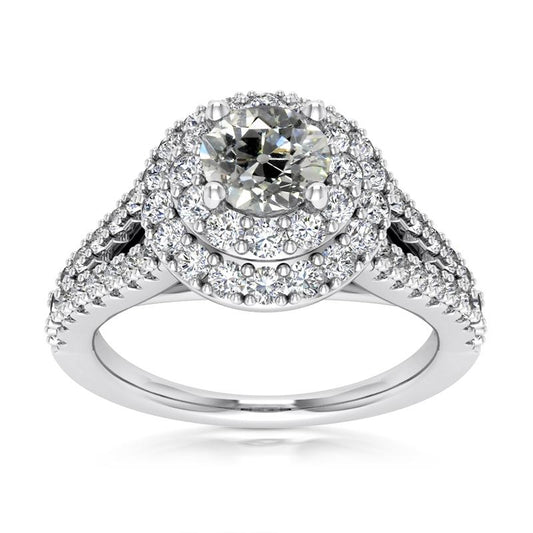 14K Gold Double Halo Runder Diamantring im alten Minenschliff 5,40 Karat - harrychadent.ch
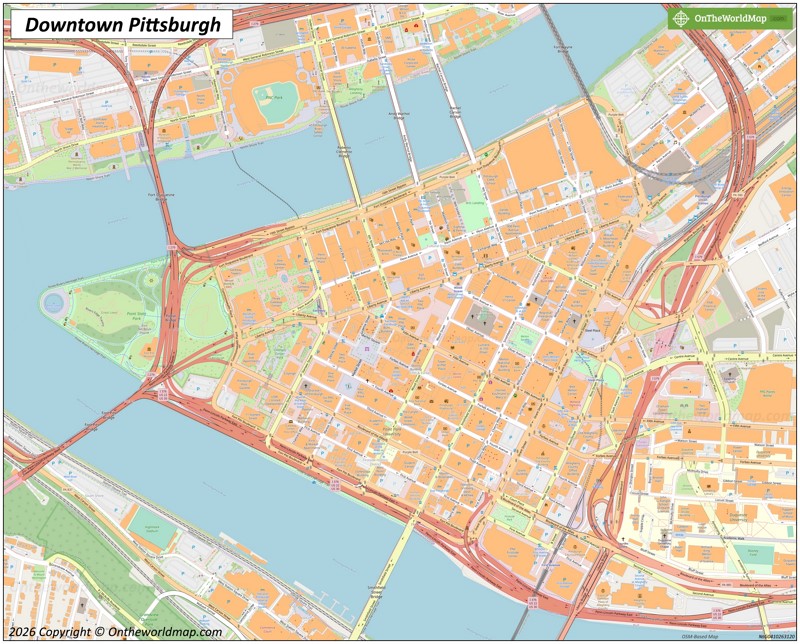 Map of Downtown Pittsburgh
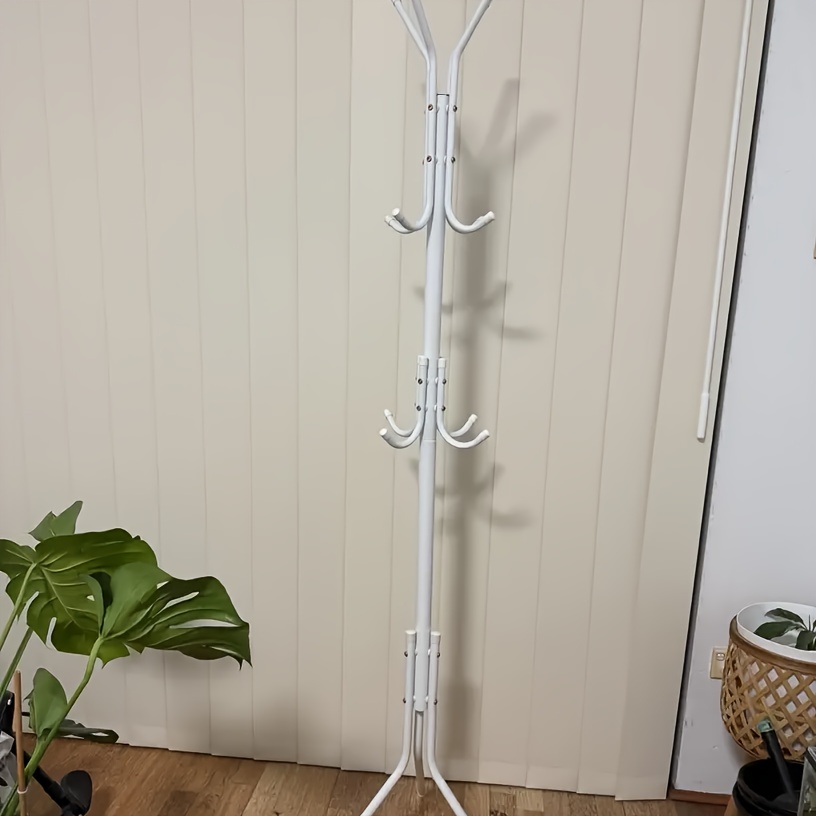 1pc Heavy-Duty Metal Coat Rack with 9-Tier Vertical Storage - Freestanding Space-Saving Clothing Organizer with Sturdy Iron Frame & Copper Finish, 27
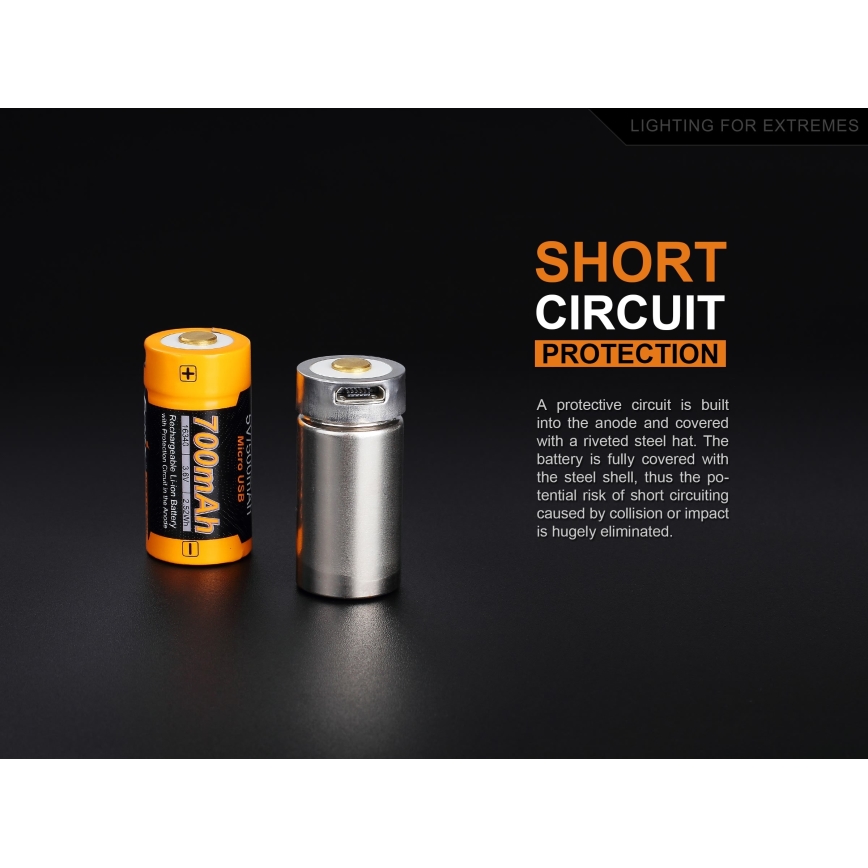 Fenix FERCR123ALIIONUP – baterie reîncărcabilă USB, 3,6 V, 700 mAh, 1 buc.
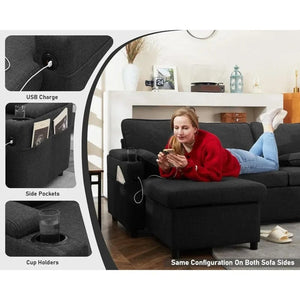 2-in-1 Sleeper Sofa Bed with Storage, USB & Cup Holder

Task details:
Only the text of the listing above should be copied, exactly and with pictures left out.

Answer section:
 14K Gold Double Halo Runder Diamantring im alten Minenschliff 5,40 Karat - harrychadent.ch
 Map of Downtown Pittsburgh
 1pc Heavy-Duty Metal Coat Rack with 9-Tier Vertical Storage - Freestanding Space-Saving Clothing Organizer with Sturdy Iron Frame & Copper Finish, 27
 Fenix FERCR123ALIIONUP – baterie reîncărcabilă USB, 3,6 V, 700 mAh, 1 buc.
 2-in-1 Sleeper Sofa Bed with Storage, USB & Cup Holder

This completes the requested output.